WORK REQUEST
Find the line with "عمرو خالد: لا" in the entries below. Repeat it, every following line, and the line with "Playa Y Club Nautico A 150m * デニア", exactly and with nothing added.

SOURCE DATA
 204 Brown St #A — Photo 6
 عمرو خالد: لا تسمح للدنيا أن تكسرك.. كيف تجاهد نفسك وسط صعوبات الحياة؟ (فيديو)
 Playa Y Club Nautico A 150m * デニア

==

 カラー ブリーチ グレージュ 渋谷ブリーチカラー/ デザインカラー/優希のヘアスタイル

FINISHED EXERCISE
 عمرو خالد: لا تسمح للدنيا أن تكسرك.. كيف تجاهد نفسك وسط صعوبات الحياة؟ (فيديو)
 Playa Y Club Nautico A 150m * デニア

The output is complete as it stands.